Court Opinion

ID: 9532751
Source: CourtListenerOpinion
Date Created: 2023-08-07 04:24:32.391024+00
Date Added: 2024-06-11T13:28:49.994801
License: Public Domain

Simmons, C. J.,
concurring in dissent.
I concur in Judge Yeager’s dissent. I desire to add a bit thereto.
In connection with Judge Yeager’s discussion of the evidence, I desire to direct attention to the standard of quality of evidence which we have stated is applicable in this type of case. It is: “The findings to sustain disbarment must be sustained by a higher degree of proof than that required in civil actions, yet falling short of the proof required to sustain a conviction in a criminal action.” State ex rel. Nebraska State Bar Assn. v. Richards, 165 Neb. 80, 84 N. W. 2d 136.
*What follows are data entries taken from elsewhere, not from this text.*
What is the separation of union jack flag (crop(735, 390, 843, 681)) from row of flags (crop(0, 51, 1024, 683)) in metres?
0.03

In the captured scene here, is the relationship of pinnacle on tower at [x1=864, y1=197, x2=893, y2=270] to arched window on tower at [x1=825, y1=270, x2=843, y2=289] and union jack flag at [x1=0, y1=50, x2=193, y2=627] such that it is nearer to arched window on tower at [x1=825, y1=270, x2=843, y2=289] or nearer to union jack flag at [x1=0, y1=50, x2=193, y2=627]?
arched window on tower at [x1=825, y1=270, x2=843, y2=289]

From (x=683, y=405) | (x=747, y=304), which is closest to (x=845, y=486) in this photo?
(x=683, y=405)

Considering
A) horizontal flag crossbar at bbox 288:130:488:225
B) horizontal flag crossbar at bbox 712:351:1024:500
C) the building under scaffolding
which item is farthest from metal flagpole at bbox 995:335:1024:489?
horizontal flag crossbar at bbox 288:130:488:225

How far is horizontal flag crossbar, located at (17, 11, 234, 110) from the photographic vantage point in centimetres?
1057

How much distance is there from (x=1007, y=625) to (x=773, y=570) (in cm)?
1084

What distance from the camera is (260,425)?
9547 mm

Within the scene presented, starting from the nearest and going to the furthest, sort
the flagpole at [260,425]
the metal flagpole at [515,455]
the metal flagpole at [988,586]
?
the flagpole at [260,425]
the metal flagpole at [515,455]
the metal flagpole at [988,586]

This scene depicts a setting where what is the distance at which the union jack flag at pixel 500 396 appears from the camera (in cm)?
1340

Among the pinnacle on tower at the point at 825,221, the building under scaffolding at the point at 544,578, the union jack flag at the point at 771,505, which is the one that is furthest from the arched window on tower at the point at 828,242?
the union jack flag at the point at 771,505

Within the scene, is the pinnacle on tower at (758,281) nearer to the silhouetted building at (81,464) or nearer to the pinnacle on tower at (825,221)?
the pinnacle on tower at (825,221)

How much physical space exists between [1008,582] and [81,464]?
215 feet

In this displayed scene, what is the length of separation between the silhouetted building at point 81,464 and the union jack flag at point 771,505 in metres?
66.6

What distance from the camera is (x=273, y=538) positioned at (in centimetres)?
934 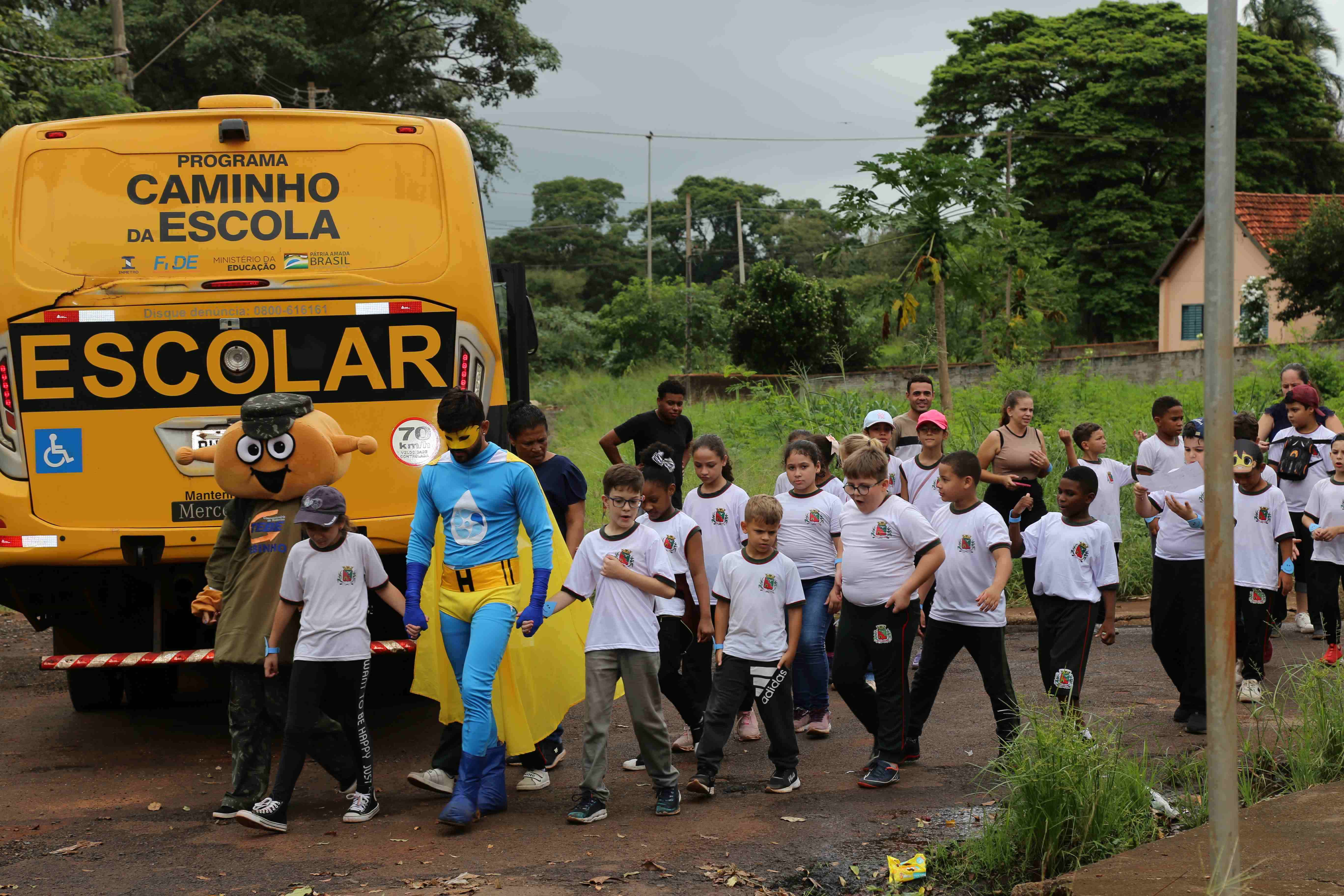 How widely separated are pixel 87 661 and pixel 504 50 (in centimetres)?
2947

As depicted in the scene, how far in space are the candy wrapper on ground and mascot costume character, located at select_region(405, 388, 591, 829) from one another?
1.77 metres

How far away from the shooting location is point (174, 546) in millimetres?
6477

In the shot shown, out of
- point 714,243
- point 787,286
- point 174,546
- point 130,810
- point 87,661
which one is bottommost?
point 130,810

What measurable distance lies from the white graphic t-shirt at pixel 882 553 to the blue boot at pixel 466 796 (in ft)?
6.23

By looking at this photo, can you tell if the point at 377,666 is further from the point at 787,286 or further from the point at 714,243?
the point at 714,243

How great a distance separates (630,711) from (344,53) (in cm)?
3055

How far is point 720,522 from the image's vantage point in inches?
269

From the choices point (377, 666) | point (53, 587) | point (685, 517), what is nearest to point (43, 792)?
point (53, 587)

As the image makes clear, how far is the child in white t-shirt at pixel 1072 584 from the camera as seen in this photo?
6020mm

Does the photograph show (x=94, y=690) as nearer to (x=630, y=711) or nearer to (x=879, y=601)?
(x=630, y=711)

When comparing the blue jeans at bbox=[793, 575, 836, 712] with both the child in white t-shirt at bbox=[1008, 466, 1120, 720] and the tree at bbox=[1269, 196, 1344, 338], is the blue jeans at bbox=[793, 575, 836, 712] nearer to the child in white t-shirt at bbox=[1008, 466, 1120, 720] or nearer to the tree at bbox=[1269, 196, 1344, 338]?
the child in white t-shirt at bbox=[1008, 466, 1120, 720]

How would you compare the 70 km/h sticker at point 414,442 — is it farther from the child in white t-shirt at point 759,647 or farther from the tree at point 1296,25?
the tree at point 1296,25

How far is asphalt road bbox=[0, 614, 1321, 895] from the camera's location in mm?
4812

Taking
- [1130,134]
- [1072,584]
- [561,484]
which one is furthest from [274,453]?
[1130,134] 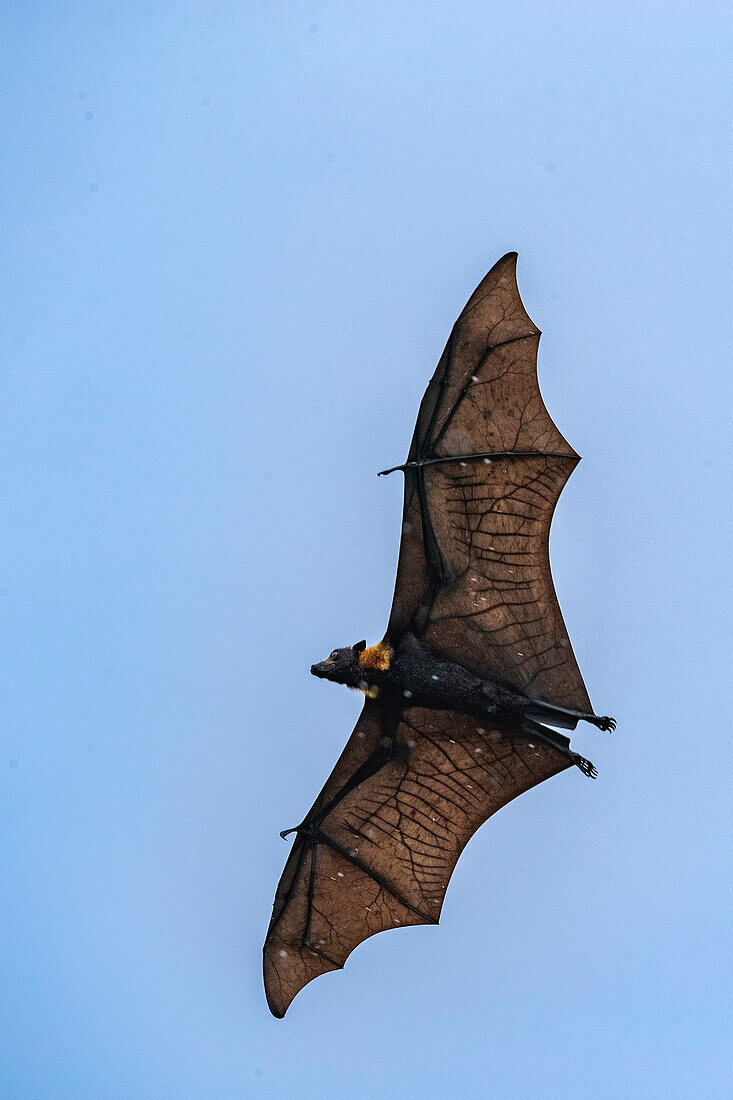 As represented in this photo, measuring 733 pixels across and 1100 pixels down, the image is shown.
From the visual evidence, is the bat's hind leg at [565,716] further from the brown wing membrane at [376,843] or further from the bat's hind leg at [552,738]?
the brown wing membrane at [376,843]

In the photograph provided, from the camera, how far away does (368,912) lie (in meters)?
6.98

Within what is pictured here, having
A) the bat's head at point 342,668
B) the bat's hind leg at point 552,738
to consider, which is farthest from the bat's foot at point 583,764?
the bat's head at point 342,668

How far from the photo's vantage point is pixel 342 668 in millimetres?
6496

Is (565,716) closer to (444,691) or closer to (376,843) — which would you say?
(444,691)

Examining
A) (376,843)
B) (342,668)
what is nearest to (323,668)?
(342,668)

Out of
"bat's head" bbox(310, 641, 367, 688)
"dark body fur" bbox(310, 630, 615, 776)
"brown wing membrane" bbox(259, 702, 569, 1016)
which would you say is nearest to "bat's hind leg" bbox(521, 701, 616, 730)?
"dark body fur" bbox(310, 630, 615, 776)

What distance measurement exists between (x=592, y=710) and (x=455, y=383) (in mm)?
2556

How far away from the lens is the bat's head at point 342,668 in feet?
21.2

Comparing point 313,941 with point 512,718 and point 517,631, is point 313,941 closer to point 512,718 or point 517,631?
point 512,718

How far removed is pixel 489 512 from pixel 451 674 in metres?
1.22

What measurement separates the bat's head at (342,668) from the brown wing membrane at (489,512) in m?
0.38

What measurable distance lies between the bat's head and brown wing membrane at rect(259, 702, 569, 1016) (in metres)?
0.36

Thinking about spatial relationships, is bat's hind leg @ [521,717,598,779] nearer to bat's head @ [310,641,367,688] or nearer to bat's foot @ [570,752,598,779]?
bat's foot @ [570,752,598,779]

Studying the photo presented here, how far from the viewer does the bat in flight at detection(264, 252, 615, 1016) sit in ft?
20.9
It now appears that when the respondent was suspended we left him with a sword of Damocles hanging over his head in that we deprived him of all the rights of a lawyer while suspended but now hold him subject to all the standards of a lawyer during that period.
A suspended lawyer has to live and do and earn. Respondent is now being disbarred for doing those things which it is common knowledge are done by laymen without citations for contempt for practicing law. He *662should not be held to have forfeited being restored to the status of a lawyer because of it.